A related use of questionnaires is to test for social categorization. For example, Eyssel & Kuchenbrandt [2012] presented a robot to participants as either an in-group or an out-group member and asked them to rate the robot regarding anthropomorphism (mind attribution, warmth), psychological closeness, contact intentions, and design. Participants rated the in-group robot more favorably and anthropomorphized it more strongly.

Questionnaires are also used to measure the effects of certain robot behaviors or properties of behaviors. For instance, Nass and Brave [2005] investigated whether people respond to characteristics of robot voices in similar ways as to human voices.

Another use of questionnaires is to study effects of robot framing on the extent to which people anthropomorphize robots; Paepke & Takayama [2009], for instance, presented participants with a Pleo robot, introducing it either as highly sophisticated or as rather basic.

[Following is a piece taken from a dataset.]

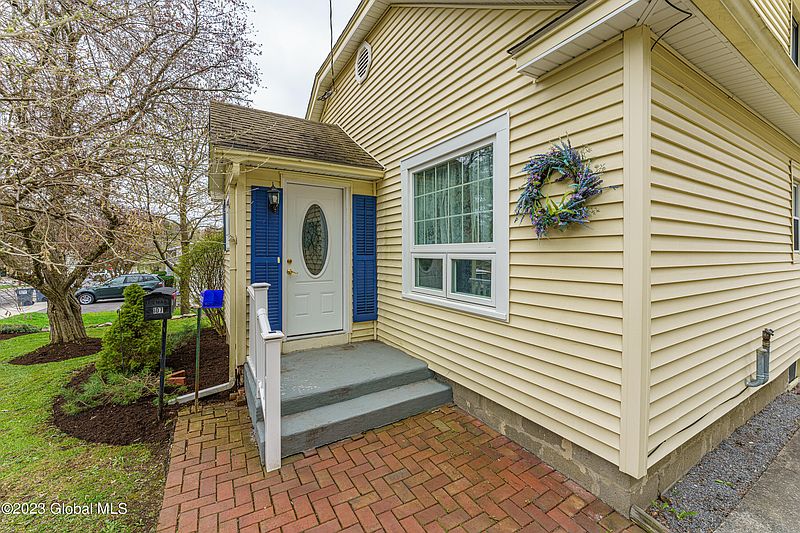 5th image of 107 Jefferson Avenue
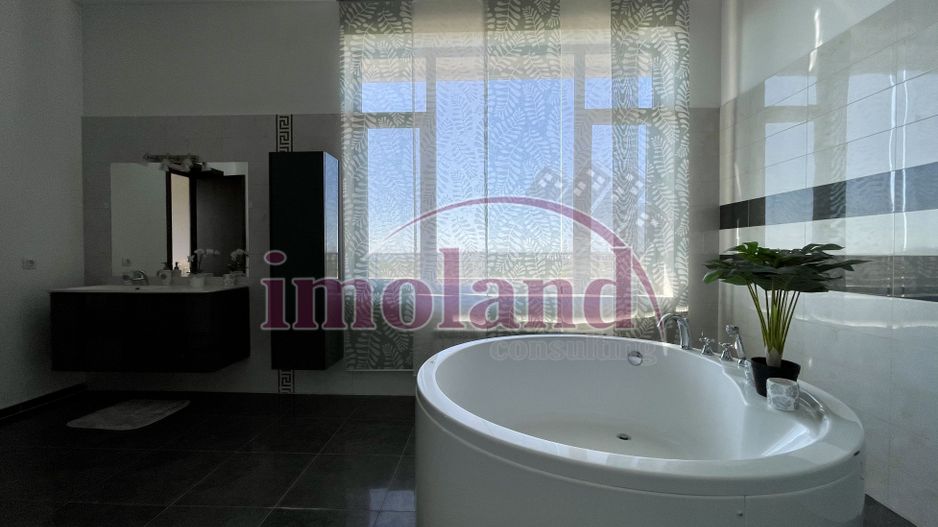 Închiriere Penthouse - 250 mp utili + 320 mp terasă panoramică | Iancu Nicolae - Poză 19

They found that people's experience of the interaction as measured by a post-experimental questionnaire was influenced by the way the robot was framed. A slightly different use of questionnaires is not to ask people for evaluations of the robot, but instead to have them assess the robot's suspected knowledge. Lee et al. [2005], for instance, presented participants with a robot that was introduced to them as either built in China or in the US. Participants furthermore witnessed a brief interaction between the experimenter and the robot in either Mandarin or English, before they had to rate the likelihood that the robot knew landmarks from China, the US and other regions of the world in a questionnaire. The results showed that participants assumed the robot to know more landmarks of the country in which it was built, and thus that participants overused social categories, like the assumption of common ground [Clark 1996].

Besides asking about trait attributions, attributions of group membership and cultural knowledge to robots based on their design, description or behavior, questionnaires may also elicit other kinds of attributions, such as moral capability. For instance, they may ask about the extent to which participants hold robots morally accountable for their actions and the consequences of these actions [e.g. Arnold & Scheutz 2017], which then provides indirect evidence for anthropomorphism.

If questionnaires are used to study anthropomorphic design, they often make use of images or of videos of robots [e.g. Philipps et al. 2017; Rosenthal-von der Pütten & Kramer 2014; Hegel 2012]. If questionnaires are used in human-robot interactions, they are usually administered post hoc, due to the fact that filling them out constitutes an activity by itself. Sometimes questionnaires are administered between different phases of an experiment [e.g. Ham et al. 2012], yet they do not capture people's responses in the here and now of the interaction.

Another methodology for studying anthropomorphism is to elicit behavioral effects of robot design, robot behavior or robot framing. In comparison with questionnaires, studies targeting behavioral effects have the advantage of studying anthropomorphism in the moment, i.e. during the interactions in which they arise. A considerable body of work rests on previous findings on the effects of social cues in human interaction, which can be replicated in human-robot interaction such that when produced by a robot, social cues are similarly responded to as when such cues are produced by humans. Nass [2010, page 12] describes the method he and his collaborators have been using [e.g. Reeves & Nass 1996; Nass & Moon 2000; Nass & Brave 2005; among many others] as follows:

“I would find any conclusion by a social science researcher and change the sentence ‘People will do X when interacting with other people’ to ‘People will do X when interacting with a computer.’ I constantly challenged myself to uncover ever more unlikely social rules that applied to technology in defiance of all common sense.”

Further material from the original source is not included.